Here is news of interest from research taking place at DOE’s Oak Ridge National Laboratory.
CO2 to the rescue
Tomorrow’s commercial refrigeration systems — like the ones in supermarkets – could be cooled by carbon dioxide instead of hydrofluorocarbons, a greenhouse gas that is nearly 4,000 times more potent than CO2. That is important because millions of pounds of HFCs leak into the environment every year, said Brian Fricke, a researcher in Oak Ridge National Laboratory’s Building Equipment Research Group. To address the problem, Fricke and colleagues are experimenting with CO2 and other refrigerants, including a hydrofluoroolefin called R1234yf. While by definition CO2 has a global warming potential of 1, the hydrofluoroolefin’s is 4, so both are far less harmful to the environment than HFCs with a rating of 3,900.

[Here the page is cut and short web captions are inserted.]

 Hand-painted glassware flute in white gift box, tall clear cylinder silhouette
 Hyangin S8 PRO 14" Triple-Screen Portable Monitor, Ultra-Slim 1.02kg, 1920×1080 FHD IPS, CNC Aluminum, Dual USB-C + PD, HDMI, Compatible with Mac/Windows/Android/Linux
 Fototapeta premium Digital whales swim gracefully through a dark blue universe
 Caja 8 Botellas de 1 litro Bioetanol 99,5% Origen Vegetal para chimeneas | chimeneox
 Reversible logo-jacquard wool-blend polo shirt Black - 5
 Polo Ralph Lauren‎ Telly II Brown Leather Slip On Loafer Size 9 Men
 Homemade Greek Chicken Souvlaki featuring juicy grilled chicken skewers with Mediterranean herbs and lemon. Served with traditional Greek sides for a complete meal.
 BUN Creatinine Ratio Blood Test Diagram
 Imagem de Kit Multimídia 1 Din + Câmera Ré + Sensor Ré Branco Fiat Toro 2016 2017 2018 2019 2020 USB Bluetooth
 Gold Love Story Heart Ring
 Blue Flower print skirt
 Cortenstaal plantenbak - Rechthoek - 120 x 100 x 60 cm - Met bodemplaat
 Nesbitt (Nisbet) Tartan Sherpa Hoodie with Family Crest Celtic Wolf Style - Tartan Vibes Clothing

Still, while CO2-based systems work well in cold climates, they aren’t as efficient in warmer climates, so Fricke is experimenting with various approaches to address the limitation.
Low-cost 3-D feedstock
Reformulated plant matter could be at the roots of a revolution in 3-D printing projected to hit $5.2 billion by 2020. Soydan Ozcan, a researcher in Oak Ridge National Laboratory’s Carbon and Composite Group, leads a team that is testing plant material that has been reformed into neatly woven nanoscale crystals and fibers. Mixed with various plastics, including those that are bio-based, these needle-like crystals can produce feedstock polymers for 3-D printers with stiffness improvements already a factor of three over widely used structural materials. They are also less expensive and mostly biodegradable. Potential applications include fuel-efficient car parts, batteries, packaging and building materials, furniture, disposable electronics and bulletproof suits.
Better graphite anode
Lithium-ion batteries for cars, phones, laptop computers and other devices could retain their charge more effectively and last longer because of a method developed at Oak Ridge National Laboratory. By employing a proprietary additive to the furnace gas used during processing of natural graphite, the ORNL team produced anodes that enable a coin cell to retain up to 75 percent of its charge capacity after 1,600 to 2,000 cycles. This represents a significant improvement over the baseline version’s 67 percent after 1,400 cycles. Researchers noted that their patent-pending technique stabilizes the graphite surface, reduces cost and lowers temperature requirements. These advances allow processing to be done with less expensive furnaces and less energy. The method could also help the U.S. graphite industry gain a competitive edge over overseas sources. Findings were published in the journal CARBON.